(Data extracted from a collection)
----

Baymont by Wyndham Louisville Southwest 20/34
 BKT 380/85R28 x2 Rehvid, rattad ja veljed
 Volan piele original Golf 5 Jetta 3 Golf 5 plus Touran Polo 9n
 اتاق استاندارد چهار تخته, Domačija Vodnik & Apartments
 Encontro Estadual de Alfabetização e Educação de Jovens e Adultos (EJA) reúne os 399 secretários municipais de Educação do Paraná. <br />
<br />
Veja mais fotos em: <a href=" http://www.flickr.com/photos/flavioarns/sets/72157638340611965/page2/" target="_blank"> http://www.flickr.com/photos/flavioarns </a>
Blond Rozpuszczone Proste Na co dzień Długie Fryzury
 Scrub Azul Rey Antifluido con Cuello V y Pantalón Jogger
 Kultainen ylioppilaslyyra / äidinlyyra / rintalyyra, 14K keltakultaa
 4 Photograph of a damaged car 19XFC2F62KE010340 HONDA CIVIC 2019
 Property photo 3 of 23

----

> BRIEF:
Reproduce every line above without error.

> COMPLETED EXERCISE:
Baymont by Wyndham Louisville Southwest 20/34
 BKT 380/85R28 x2 Rehvid, rattad ja veljed
 Volan piele original Golf 5 Jetta 3 Golf 5 plus Touran Polo 9n
 اتاق استاندارد چهار تخته, Domačija Vodnik & Apartments
 Encontro Estadual de Alfabetização e Educação de Jovens e Adultos (EJA) reúne os 399 secretários municipais de Educação do Paraná. <br />
<br />
Veja mais fotos em: <a href=" http://www.flickr.com/photos/flavioarns/sets/72157638340611965/page2/" target="_blank"> http://www.flickr.com/photos/flavioarns </a>
Blond Rozpuszczone Proste Na co dzień Długie Fryzury
 Scrub Azul Rey Antifluido con Cuello V y Pantalón Jogger
 Kultainen ylioppilaslyyra / äidinlyyra / rintalyyra, 14K keltakultaa
 4 Photograph of a damaged car 19XFC2F62KE010340 HONDA CIVIC 2019
 Property photo 3 of 23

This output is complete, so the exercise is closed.